Russia is also demanding that residents of the city, which is the largest captured by Moscow since the beginning of the February 2022 invasion, start using the Russian ruble as currency, instead of the Ukrainian hryvnia.
Earlier this week, Russian occupying authorities cut the region’s connections to Ukrainian internet and telecommunications infrastructure, forcibly re-routing communications through Russian-controlled networks, according to the Ukrainian government.
In Russia-occupied regions of the country, including Kherson, local politicians have been abducted, school directors, journalists, and others have been “disappeared” and Russia is planning on instituting its own curriculum in the region’s schools, Carpenter said.
Local Ukrainian governments have also been replaced by those composed of pro-Russian collaborators known as “people’s councils,” according to Carpenter.
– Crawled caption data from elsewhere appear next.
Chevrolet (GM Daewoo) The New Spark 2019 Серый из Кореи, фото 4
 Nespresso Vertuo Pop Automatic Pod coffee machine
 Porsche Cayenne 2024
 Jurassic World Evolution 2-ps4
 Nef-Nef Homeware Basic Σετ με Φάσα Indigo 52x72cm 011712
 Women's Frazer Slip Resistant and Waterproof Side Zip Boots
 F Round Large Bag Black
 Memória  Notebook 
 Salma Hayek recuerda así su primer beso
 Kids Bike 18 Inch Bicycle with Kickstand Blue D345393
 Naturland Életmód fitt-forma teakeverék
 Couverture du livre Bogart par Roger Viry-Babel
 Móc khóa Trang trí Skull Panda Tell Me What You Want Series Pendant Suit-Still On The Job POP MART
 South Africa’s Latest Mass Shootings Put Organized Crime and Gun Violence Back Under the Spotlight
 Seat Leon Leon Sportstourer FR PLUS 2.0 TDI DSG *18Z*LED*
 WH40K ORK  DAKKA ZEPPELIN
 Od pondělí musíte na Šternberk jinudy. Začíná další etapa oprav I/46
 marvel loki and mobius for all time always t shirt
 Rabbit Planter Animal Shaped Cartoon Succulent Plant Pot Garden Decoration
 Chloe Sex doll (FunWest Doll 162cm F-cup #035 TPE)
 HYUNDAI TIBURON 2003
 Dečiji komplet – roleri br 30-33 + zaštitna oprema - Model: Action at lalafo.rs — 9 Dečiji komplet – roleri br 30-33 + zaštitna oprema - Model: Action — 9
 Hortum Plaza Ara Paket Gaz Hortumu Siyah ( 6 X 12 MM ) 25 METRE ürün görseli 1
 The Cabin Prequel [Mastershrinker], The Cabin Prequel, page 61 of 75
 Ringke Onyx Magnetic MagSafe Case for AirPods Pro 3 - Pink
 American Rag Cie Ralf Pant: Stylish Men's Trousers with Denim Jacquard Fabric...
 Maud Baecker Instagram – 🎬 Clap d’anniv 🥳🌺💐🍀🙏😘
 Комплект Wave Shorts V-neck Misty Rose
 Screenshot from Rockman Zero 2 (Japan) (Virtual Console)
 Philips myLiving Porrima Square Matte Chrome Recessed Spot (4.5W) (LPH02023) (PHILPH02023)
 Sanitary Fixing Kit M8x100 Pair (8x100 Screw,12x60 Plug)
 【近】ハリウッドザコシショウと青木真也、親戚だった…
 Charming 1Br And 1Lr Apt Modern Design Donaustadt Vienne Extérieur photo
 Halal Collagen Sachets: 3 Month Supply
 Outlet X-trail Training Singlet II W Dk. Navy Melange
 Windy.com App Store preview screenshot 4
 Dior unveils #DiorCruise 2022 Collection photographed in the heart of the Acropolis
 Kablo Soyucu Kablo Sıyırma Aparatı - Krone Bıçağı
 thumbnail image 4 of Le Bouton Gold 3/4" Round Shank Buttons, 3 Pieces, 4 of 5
In late April, the Ukrainian security service announced it had launched treason investigations against the two top Ukrainian officials of Russia’s puppet government in Kherson — one of whom it claims has not lived in the region since 1991.
Should it occur, the Russian referendum in Kherson would follow a well-established pattern by the Kremlin in Ukraine. In 2014, soon after Russian forces invaded Ukraine’s strategically located Crimean Peninsula, Moscow sponsored a referendum — widely considered fraudulent — on whether the region should leave Ukraine outright and join Russia.
In 2014, Russian separatist proxies in parts of Ukraine’s Donbas region also oversaw referenda declaring independence from Kyiv — and the formation of two small breakaway states called the Luhansk and Donetsk People’s Republics.
Outside of Ukraine, Russia has also supported breakaway states under pro-Moscow control in Georgia (in Abkhazia and South Ossetia) and Moldova (in Transnistria).
Unlike in Crimea, Russia did not formally annex Luhansk or Donetsk in 2014 or thereafter, with Moscow content to bring the region under its de facto control and to use it as staging ground for a grinding war of attrition against forces loyal to Kyiv in the country’s east.
But now the US has intelligence that Russia may be attempting to formally annex Luhansk and Donetsk as well, according to Carpenter, the US’s OSCE ambassador, with new referenda planned for mid-May. Carpenter said Moscow might also try to annex Kherson.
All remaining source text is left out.